These films create new benchmarks for the mainstream depiction of black history, black struggle, and wider perceptions.

FOR TWO YEARS in a row we have seen significant films about oppression and struggle nurture public consciousness. Selma and 12 Years a Slave invite us to reimagine iconic moments closer than we usually think, their protagonists more like us. Slavery had not been portrayed in such visceral fashion in a mainstream film before 12 Years. Before Selma, images of Martin Luther King Jr. had never quite transcended the almost superhuman projections that accrue from his martyrdom and decades of being co-opted by cultural mavens from Apple to Glenn Beck.

These films create new benchmarks for the mainstream depiction of black history, black struggle, and wider perceptions. But entertaining portrayals of inspiration contain a powerfully dangerous substance that needs to be handled with care.

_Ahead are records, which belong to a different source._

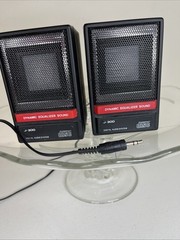 J-300 Dynamic Equalizer Sound Digital Audio System Compact Disc Speakers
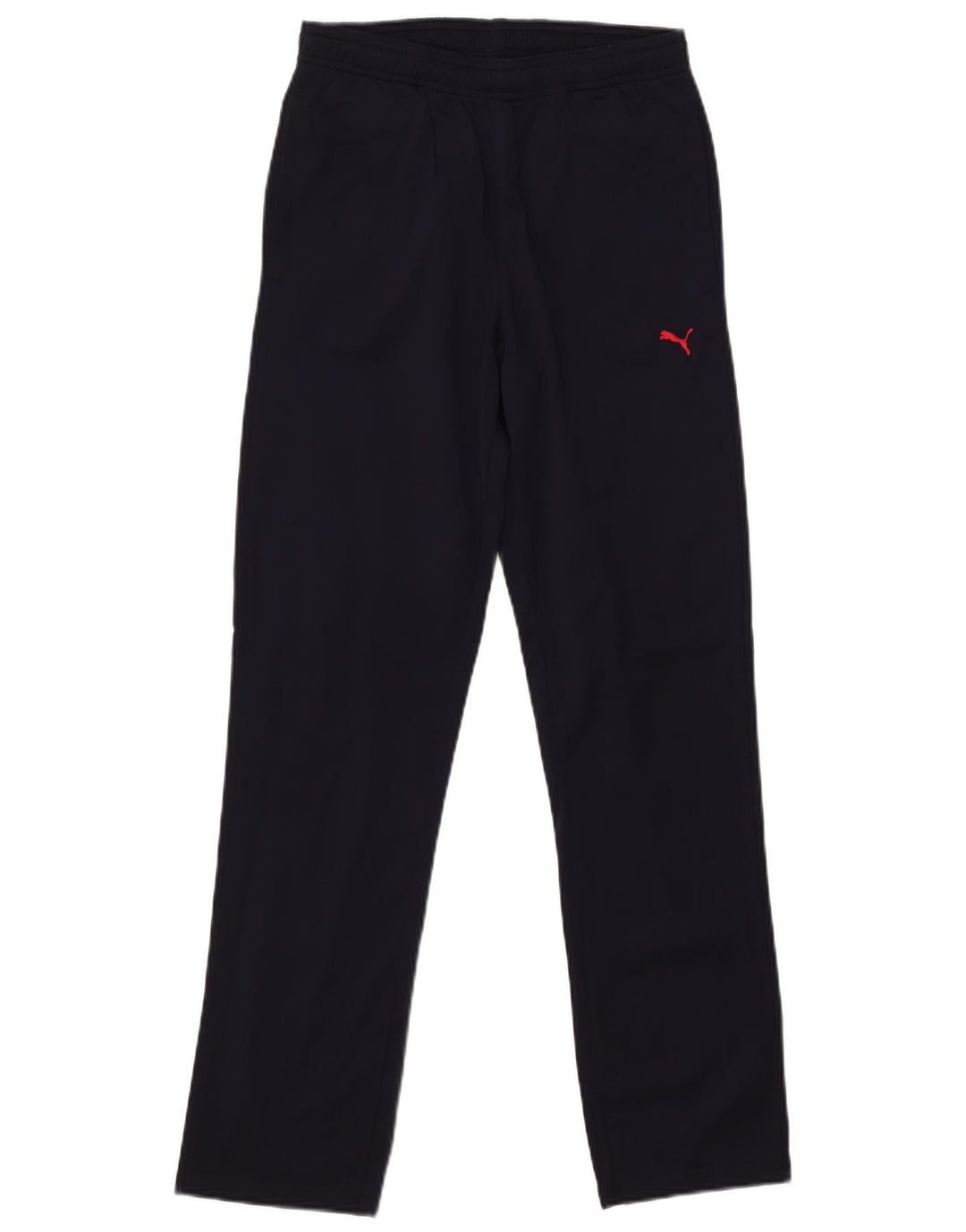 Pantaloni della tuta da ragazzo PUMA 13-14 anni in poliestere blu navy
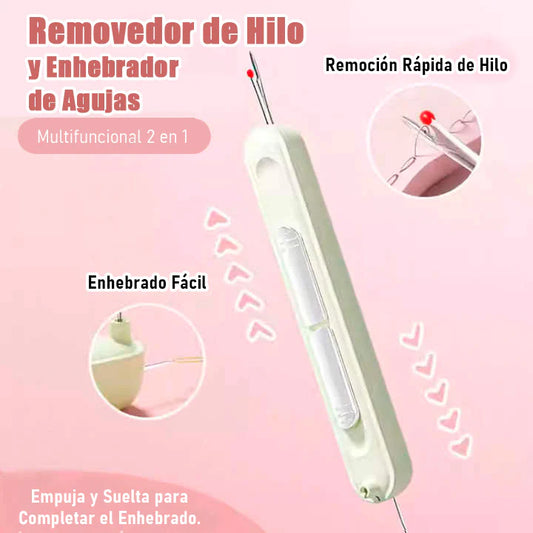 Enhebra Agujas Fácil y Rápido Sin Esfuerzo
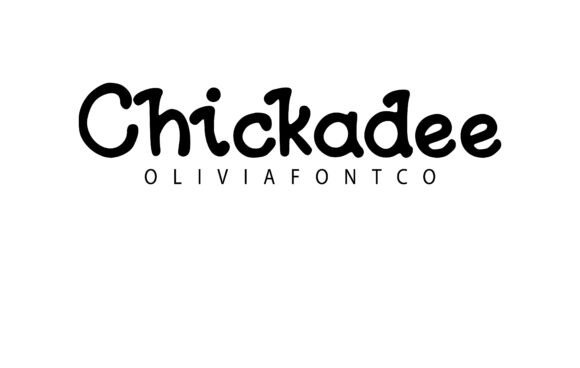Chickadee Font - Featured Image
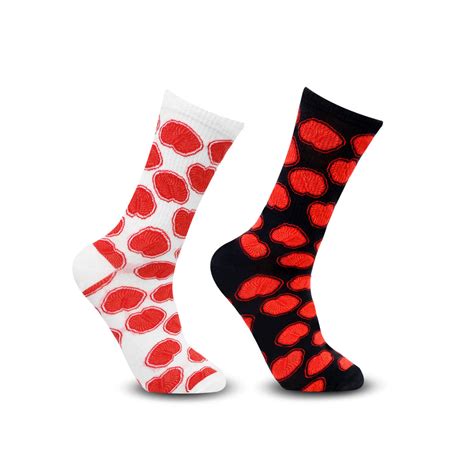 Men’s Designer Socks | Funky, Printed & Branded Patterned Cotton Socks ...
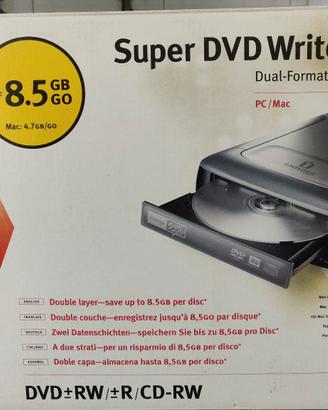 iOmega Super DVD Writer 16x esterno come nuovo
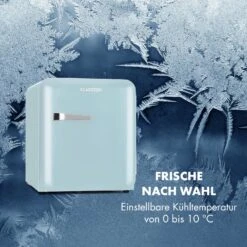 Audrey Mini Retro-Kühlschrank 48l 2 Ebenen 19 Audrey Mini Retro-Kühlschrank 48l 2 Ebenen -Haushaltsgeräte Förderung 10033346 de 0008 logo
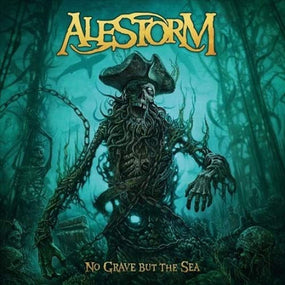 Alestorm - No Grave But The Sea (Ltd. Ed. 2CD mediabook) - CD - New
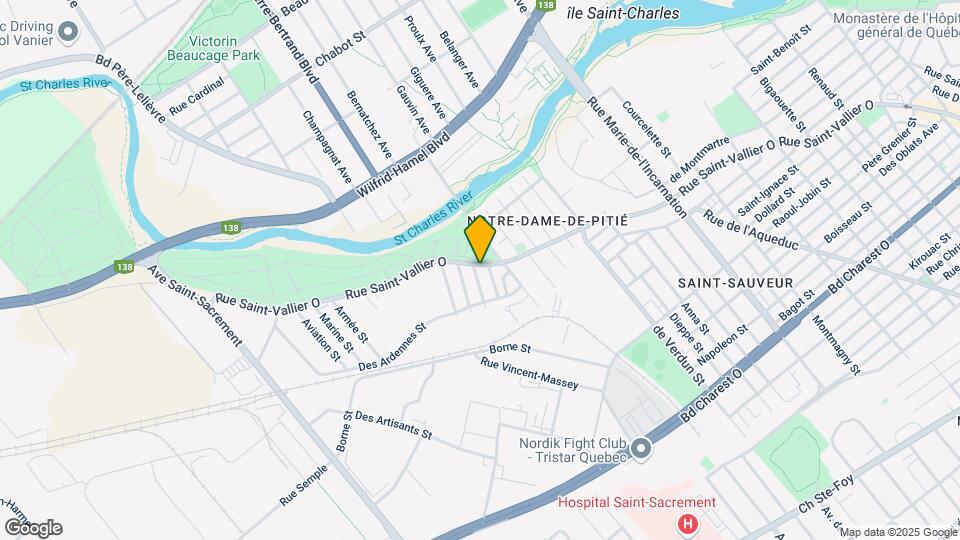 1037D Saint-Vallier Rue O Map and Location Details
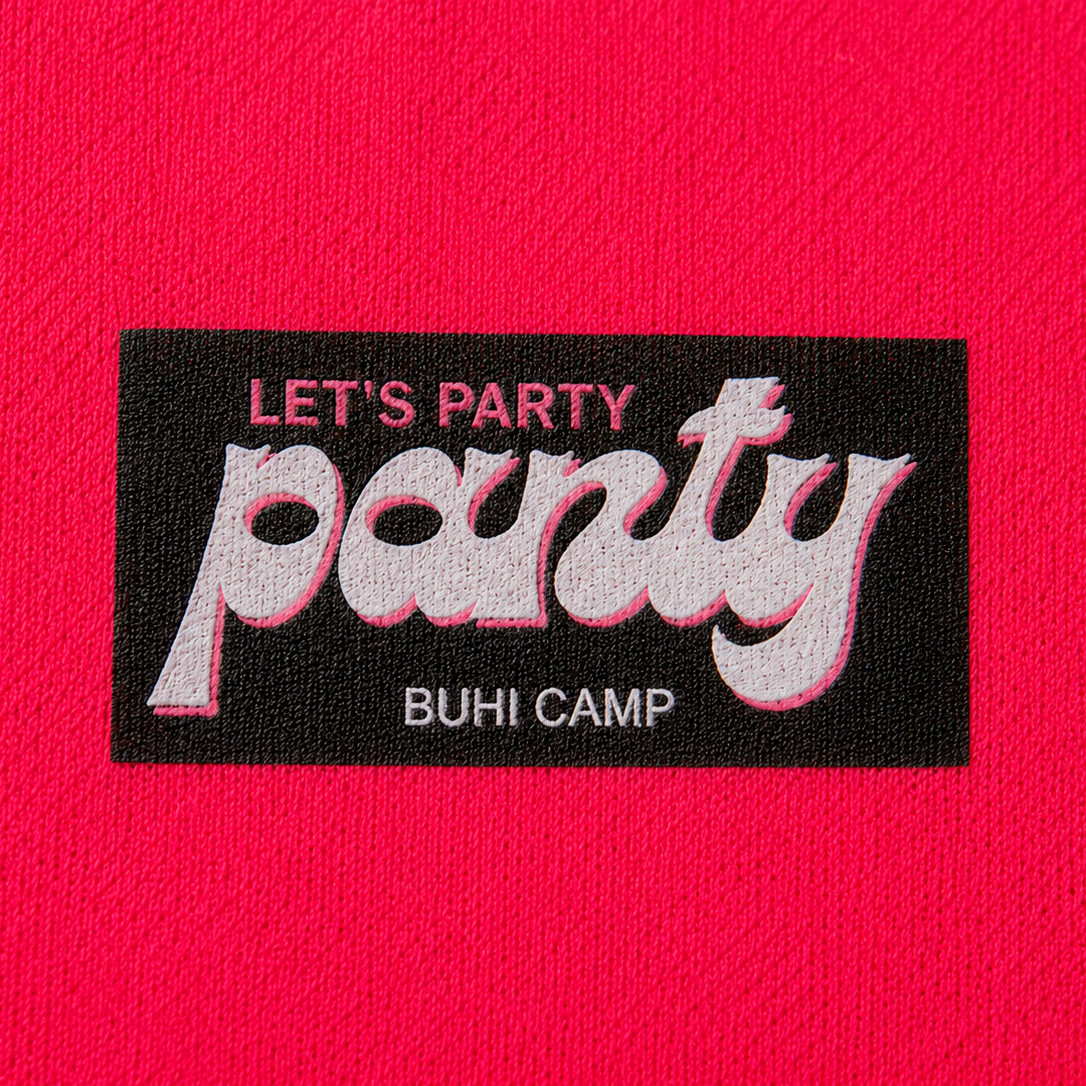 BUHI CAMP マナーパンツ Let's Party Panty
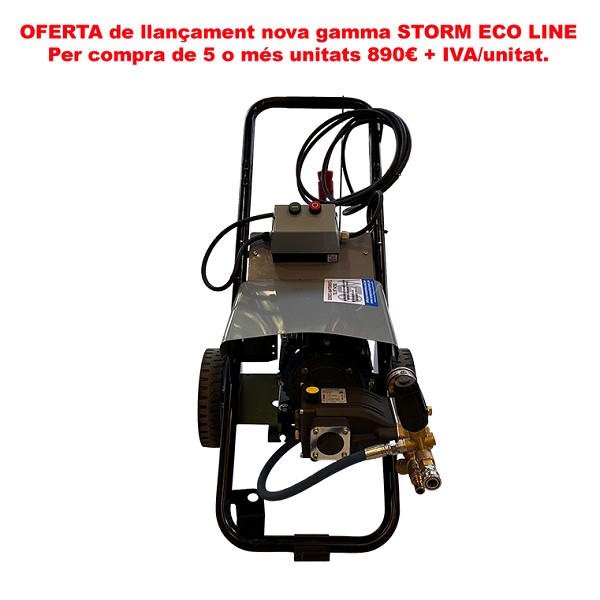 HIDRONETEJADORA PROFESSIONAL STORM ECO LINE
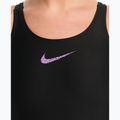 Costume da bagno intero donna Nike Logo Graphic bright violet 4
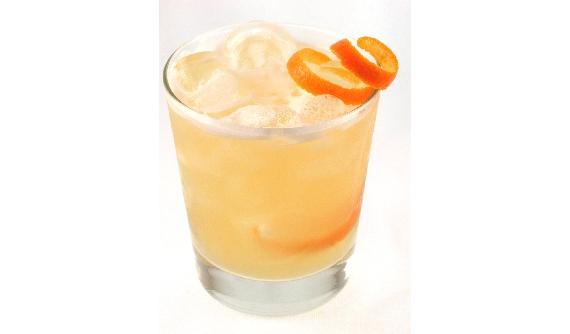 Orange Blossom Fizz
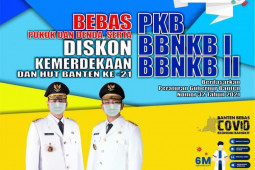 Jasa Raharja Banten bebaskan denda SWDKLLJ tahun lalu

The cathartic tears shed at a film about other people’s suffering and heroism can also be a narcotic, implying that the work has been done. Think of all the talk about freedom struggles after Braveheart, or challenging the principalities and powers after The Matrix. The problem was, most of it was just that. Talk.

Countercultural critic Armond White suggests that the danger of such films is that viewers “are encouraged to profess an inheritance they do not earn”—watching Selma is not the same thing as participation in social struggle. This is a problem, not just for the personal integrity of audiences, but for the world, because feeling something is not the same thing as doing something. Schindler’s List swept the Oscars in 1994, where speeches invoked the plea that “never again” should genocide be permitted. It was only days before the Rwandan genocide began.

Selma is being released when public consciousness about the roots of injustice is high. We are beginning to understand that we need to look back in order to look forward honestly (some could never forget this in the first place). We are beginning to understand that those of us who benefit from white supremacy need to make restoration for our privilege and the fruits of the subjugation of others—and that those of us who struggle for our own freedom need to tell our stories loud and clear. These films can empower that process, or they can be used to pretend to ourselves that the journey is done.

The best thing about Selma is its depiction of MLK as a human being, gifted, to be sure, but who most distinguished himself from the rest of us by making the decision to act. His legacy can be only partly honored by the experience of watching Selma. The journey continues when the audience starts acting.